10 Best Sporting Goods Stocks To Invest In Now

8. Foot Locker, Inc. (NYSE:FL)

Number of Hedge Fund Holders: 27

Foot Locker, Inc. (NYSE:FL) is a global retailer specializing in footwear and apparel. It operates various brands, including Foot Locker, Kids Foot Locker, Champs Sports, WSS, and atmos. Customers can shop at physical stores, online, or through mobile apps. The company has been around since 1879 and is headquartered in New York City.

The company reported a 2.4% increase in total comparable sales for the quarter, driven by share gains in the global Foot Locker and Kid Foot Locker banners, which saw a 2.8% rise. Champs Sports and WSS also returned to positive growth, with increases of 2.8% and 1.8%, respectively, driven by strong back-to-school performance.

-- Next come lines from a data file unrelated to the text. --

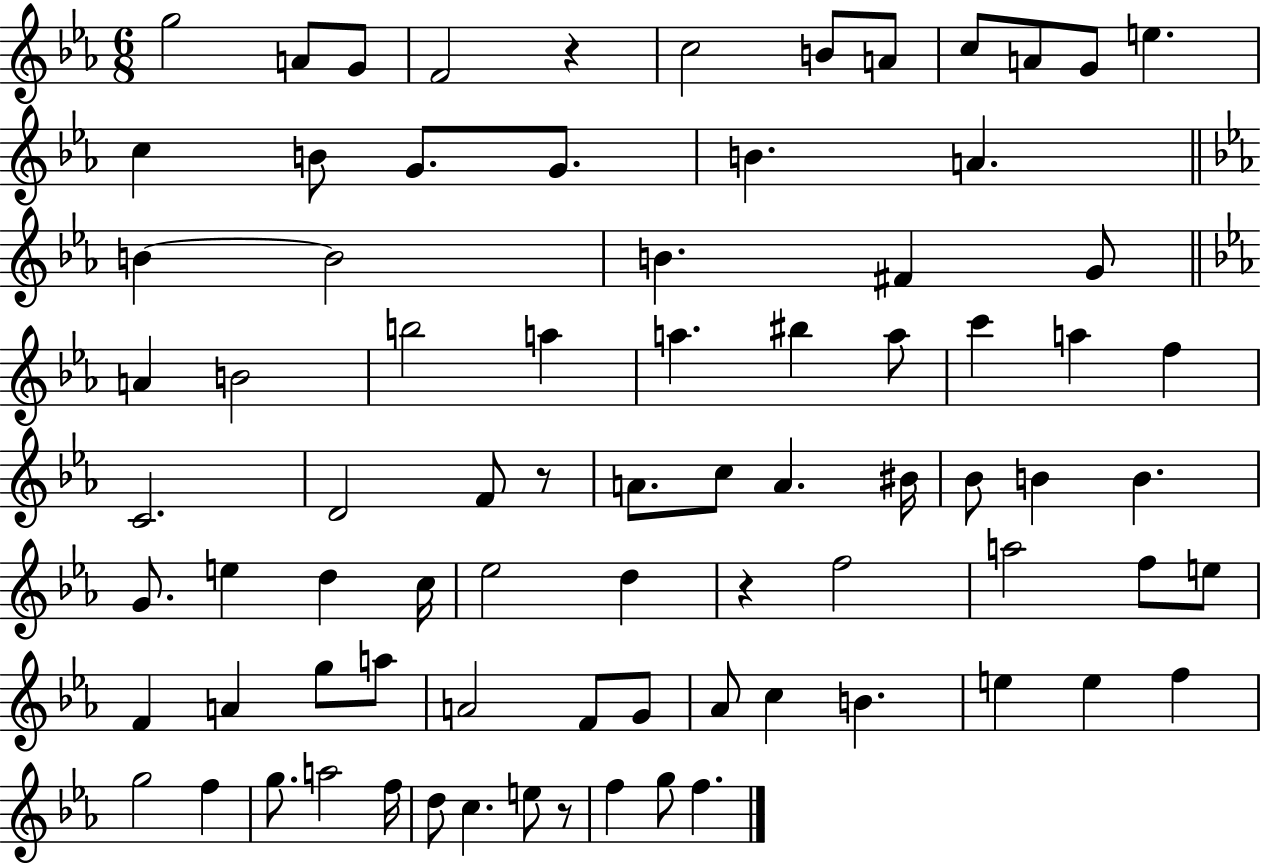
{
  \clef treble
  \numericTimeSignature
  \time 6/8
  \key ees \major
  g''2 a'8 g'8 | f'2 r4 | c''2 b'8 a'8 | c''8 a'8 g'8 e''4. | \break c''4 b'8 g'8. g'8. | b'4. a'4. | \bar "||" \break \key c \minor b'4~~ b'2 | b'4. fis'4 g'8 | \bar "||" \break \key ees \major a'4 b'2 | b''2 a''4 | a''4. bis''4 a''8 | c'''4 a''4 f''4 | \break c'2. | d'2 f'8 r8 | a'8. c''8 a'4. bis'16 | bes'8 b'4 b'4. | \break g'8. e''4 d''4 c''16 | ees''2 d''4 | r4 f''2 | a''2 f''8 e''8 | \break f'4 a'4 g''8 a''8 | a'2 f'8 g'8 | aes'8 c''4 b'4. | e''4 e''4 f''4 | \break g''2 f''4 | g''8. a''2 f''16 | d''8 c''4. e''8 r8 | f''4 g''8 f''4. | \break \bar "|."
} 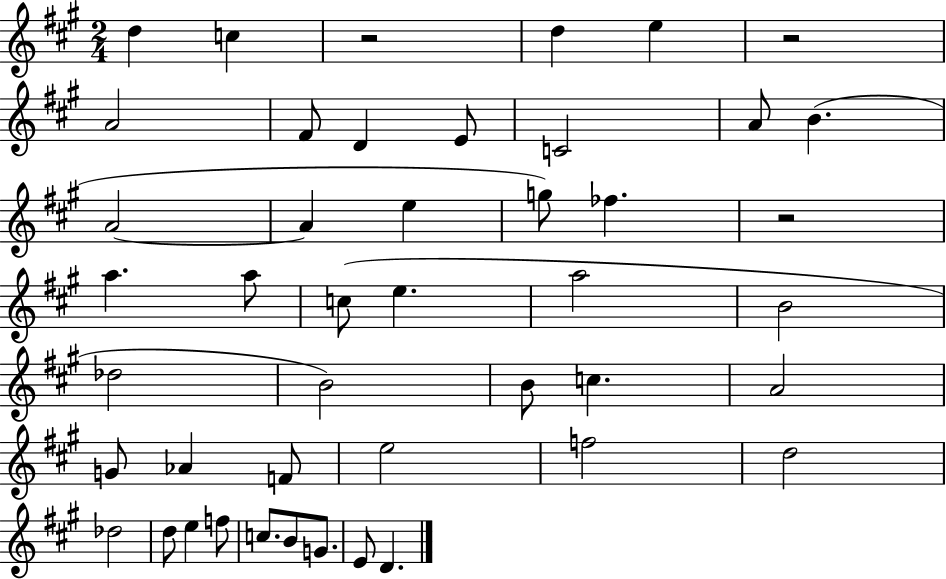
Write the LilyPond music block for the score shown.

{
  \clef treble
  \numericTimeSignature
  \time 2/4
  \key a \major
  d''4 c''4 | r2 | d''4 e''4 | r2 | \break a'2 | fis'8 d'4 e'8 | c'2 | a'8 b'4.( | \break a'2~~ | a'4 e''4 | g''8) fes''4. | r2 | \break a''4. a''8 | c''8( e''4. | a''2 | b'2 | \break des''2 | b'2) | b'8 c''4. | a'2 | \break g'8 aes'4 f'8 | e''2 | f''2 | d''2 | \break des''2 | d''8 e''4 f''8 | c''8. b'8 g'8. | e'8 d'4. | \break \bar "|."
} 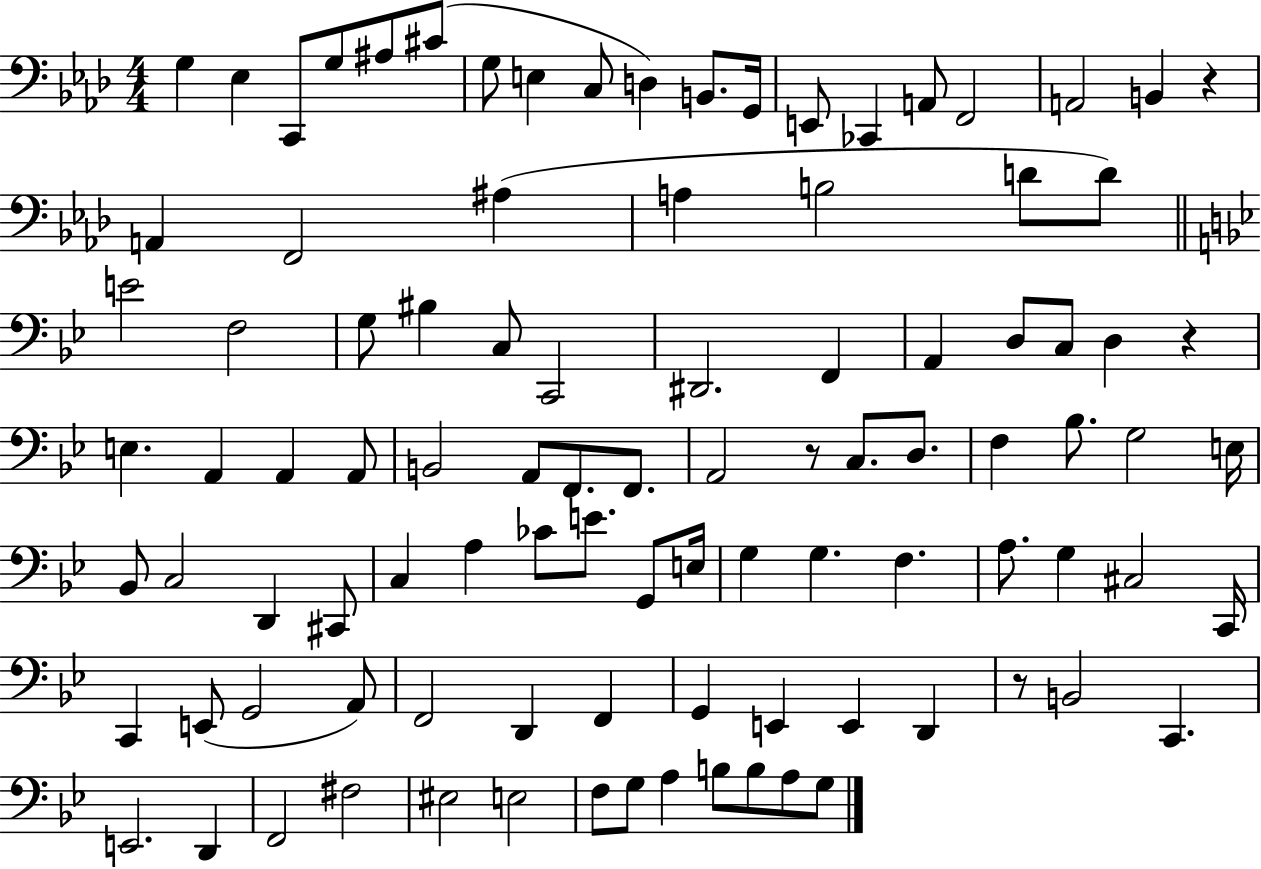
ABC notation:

X:1
T:Untitled
M:4/4
L:1/4
K:Ab
G, _E, C,,/2 G,/2 ^A,/2 ^C/2 G,/2 E, C,/2 D, B,,/2 G,,/4 E,,/2 _C,, A,,/2 F,,2 A,,2 B,, z A,, F,,2 ^A, A, B,2 D/2 D/2 E2 F,2 G,/2 ^B, C,/2 C,,2 ^D,,2 F,, A,, D,/2 C,/2 D, z E, A,, A,, A,,/2 B,,2 A,,/2 F,,/2 F,,/2 A,,2 z/2 C,/2 D,/2 F, _B,/2 G,2 E,/4 _B,,/2 C,2 D,, ^C,,/2 C, A, _C/2 E/2 G,,/2 E,/4 G, G, F, A,/2 G, ^C,2 C,,/4 C,, E,,/2 G,,2 A,,/2 F,,2 D,, F,, G,, E,, E,, D,, z/2 B,,2 C,, E,,2 D,, F,,2 ^F,2 ^E,2 E,2 F,/2 G,/2 A, B,/2 B,/2 A,/2 G,/2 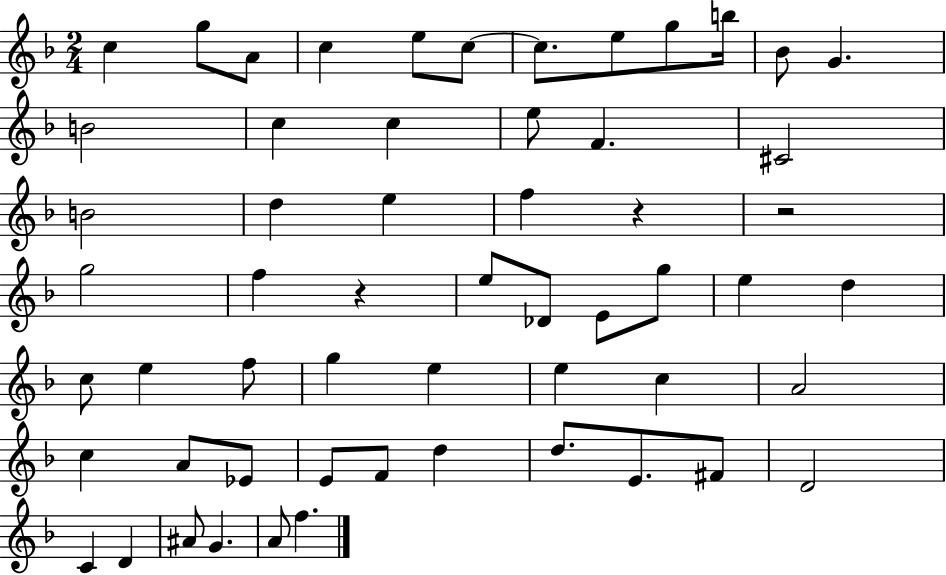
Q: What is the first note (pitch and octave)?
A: C5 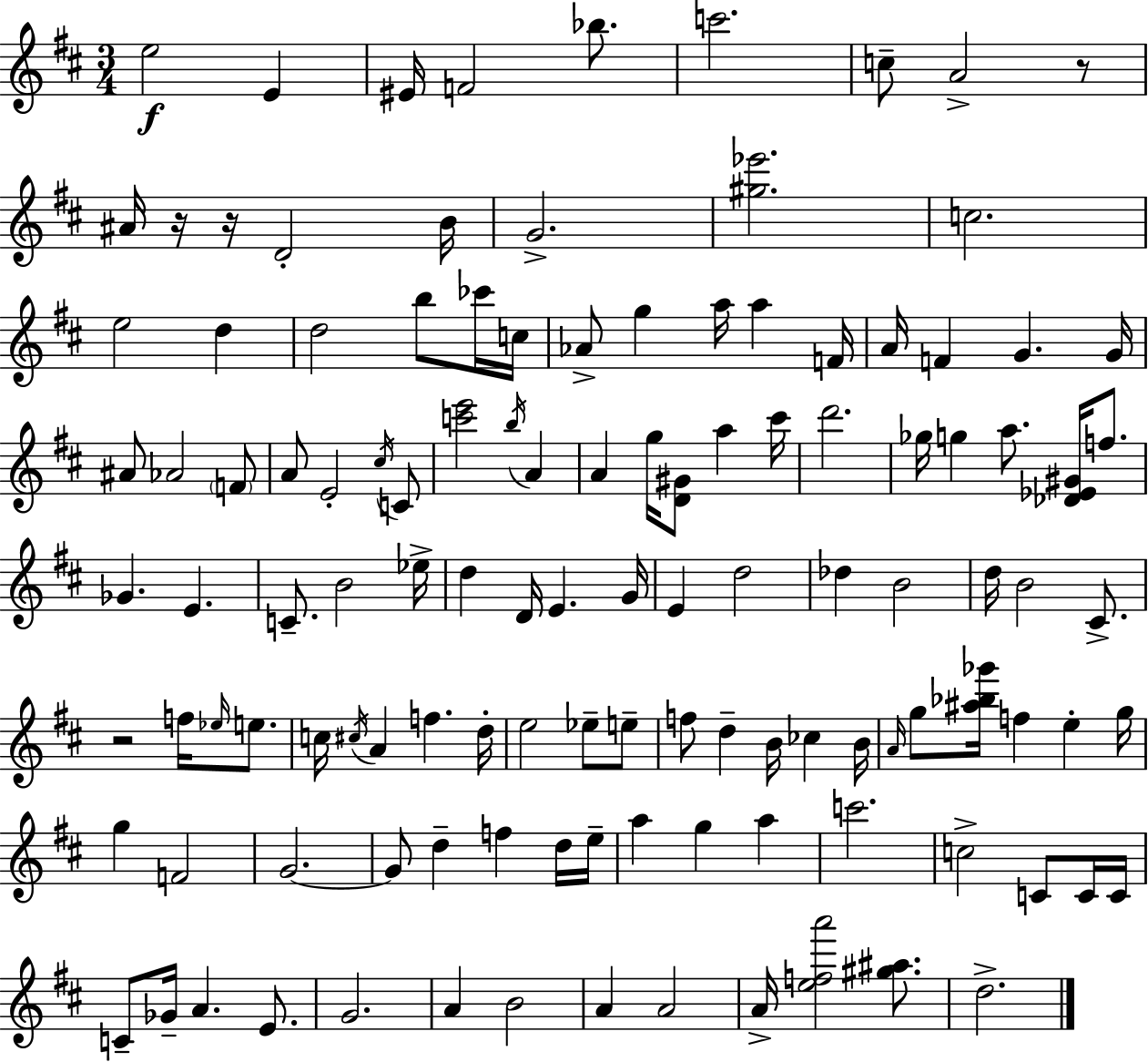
E5/h E4/q EIS4/s F4/h Bb5/e. C6/h. C5/e A4/h R/e A#4/s R/s R/s D4/h B4/s G4/h. [G#5,Eb6]/h. C5/h. E5/h D5/q D5/h B5/e CES6/s C5/s Ab4/e G5/q A5/s A5/q F4/s A4/s F4/q G4/q. G4/s A#4/e Ab4/h F4/e A4/e E4/h C#5/s C4/e [C6,E6]/h B5/s A4/q A4/q G5/s [D4,G#4]/e A5/q C#6/s D6/h. Gb5/s G5/q A5/e. [Db4,Eb4,G#4]/s F5/e. Gb4/q. E4/q. C4/e. B4/h Eb5/s D5/q D4/s E4/q. G4/s E4/q D5/h Db5/q B4/h D5/s B4/h C#4/e. R/h F5/s Eb5/s E5/e. C5/s C#5/s A4/q F5/q. D5/s E5/h Eb5/e E5/e F5/e D5/q B4/s CES5/q B4/s A4/s G5/e [A#5,Bb5,Gb6]/s F5/q E5/q G5/s G5/q F4/h G4/h. G4/e D5/q F5/q D5/s E5/s A5/q G5/q A5/q C6/h. C5/h C4/e C4/s C4/s C4/e Gb4/s A4/q. E4/e. G4/h. A4/q B4/h A4/q A4/h A4/s [E5,F5,A6]/h [G#5,A#5]/e. D5/h. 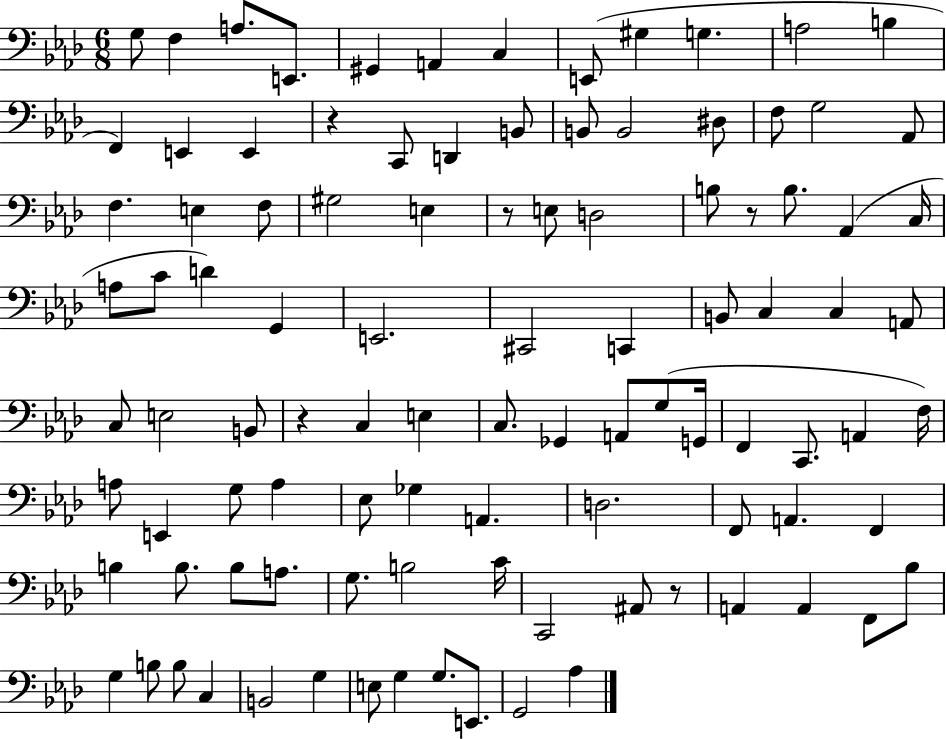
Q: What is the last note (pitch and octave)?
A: Ab3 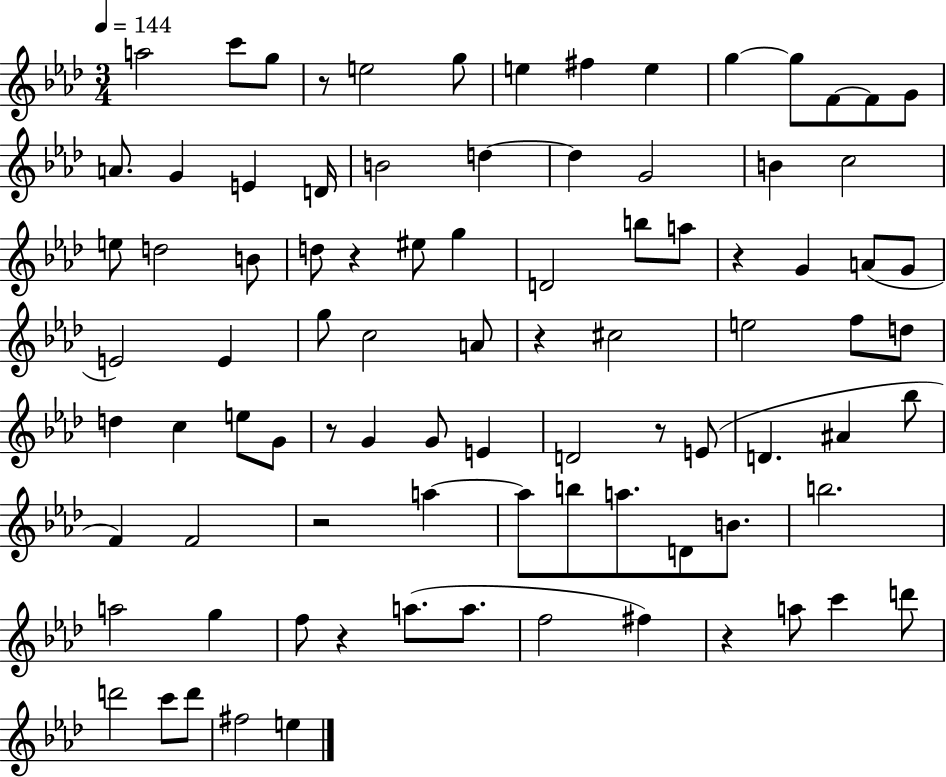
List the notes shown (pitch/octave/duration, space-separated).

A5/h C6/e G5/e R/e E5/h G5/e E5/q F#5/q E5/q G5/q G5/e F4/e F4/e G4/e A4/e. G4/q E4/q D4/s B4/h D5/q D5/q G4/h B4/q C5/h E5/e D5/h B4/e D5/e R/q EIS5/e G5/q D4/h B5/e A5/e R/q G4/q A4/e G4/e E4/h E4/q G5/e C5/h A4/e R/q C#5/h E5/h F5/e D5/e D5/q C5/q E5/e G4/e R/e G4/q G4/e E4/q D4/h R/e E4/e D4/q. A#4/q Bb5/e F4/q F4/h R/h A5/q A5/e B5/e A5/e. D4/e B4/e. B5/h. A5/h G5/q F5/e R/q A5/e. A5/e. F5/h F#5/q R/q A5/e C6/q D6/e D6/h C6/e D6/e F#5/h E5/q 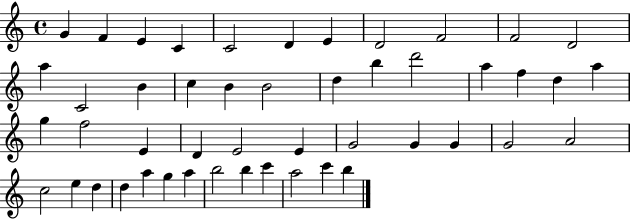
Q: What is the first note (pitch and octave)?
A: G4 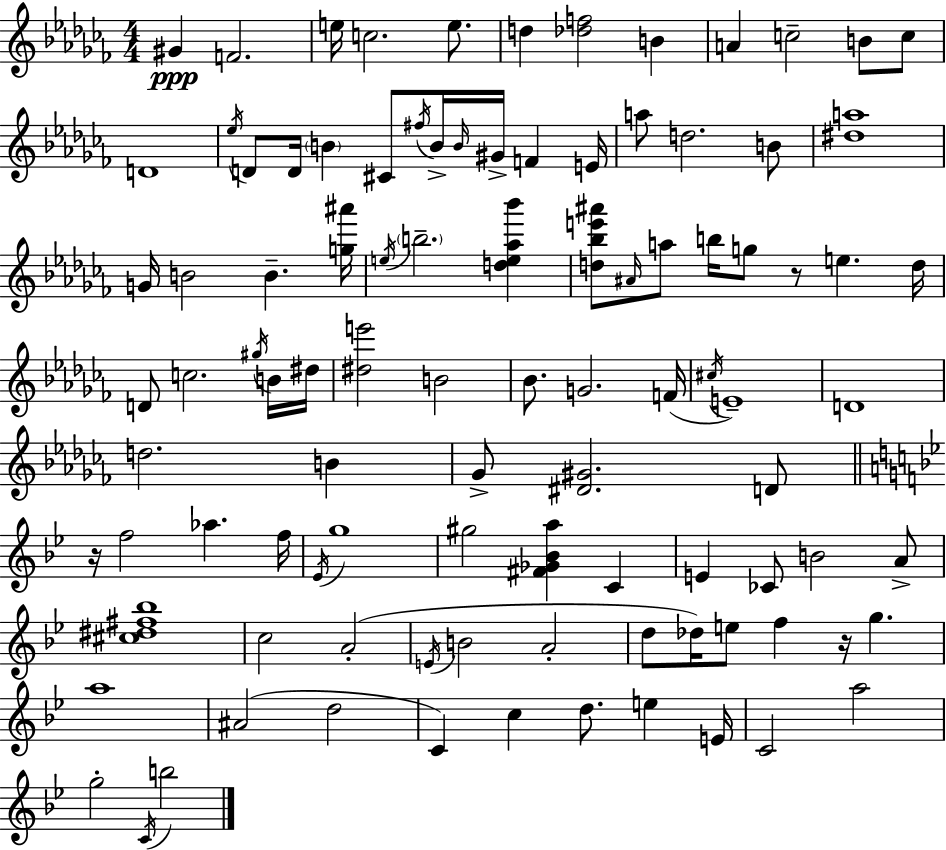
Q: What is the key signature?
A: AES minor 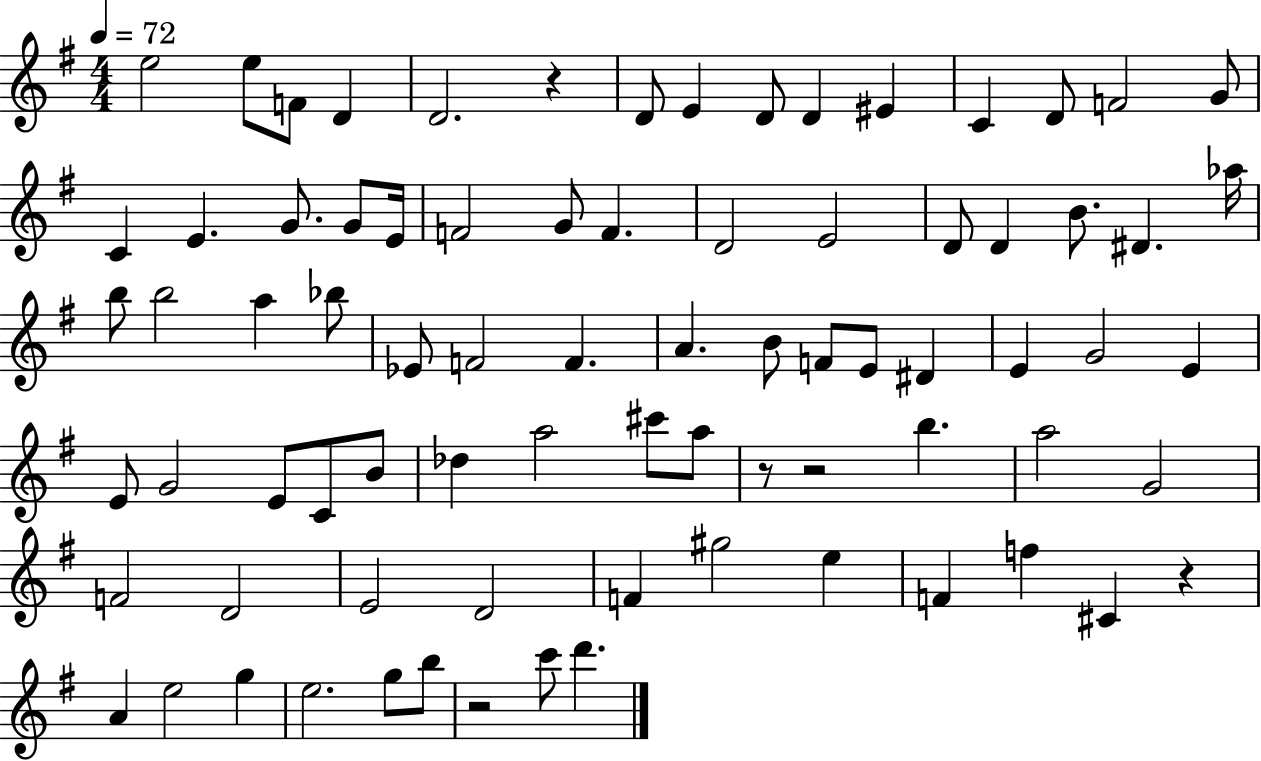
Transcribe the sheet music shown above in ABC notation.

X:1
T:Untitled
M:4/4
L:1/4
K:G
e2 e/2 F/2 D D2 z D/2 E D/2 D ^E C D/2 F2 G/2 C E G/2 G/2 E/4 F2 G/2 F D2 E2 D/2 D B/2 ^D _a/4 b/2 b2 a _b/2 _E/2 F2 F A B/2 F/2 E/2 ^D E G2 E E/2 G2 E/2 C/2 B/2 _d a2 ^c'/2 a/2 z/2 z2 b a2 G2 F2 D2 E2 D2 F ^g2 e F f ^C z A e2 g e2 g/2 b/2 z2 c'/2 d'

Foot Locker, Inc.’s (NYSE:FL) gross margin also improved by 230 basis points year-over-year. This was primarily driven by a recovery in merchandise margins compared to the higher promotional activity of the prior year. Meanwhile, Foot Locker, Inc.’s (NYSE:FL) digital sales penetration increased by 60 basis points year-over-year, reaching 17.6% of total sales for the quarter. The company is on track to achieve its target of approximately 25% e-commerce penetration by 2026.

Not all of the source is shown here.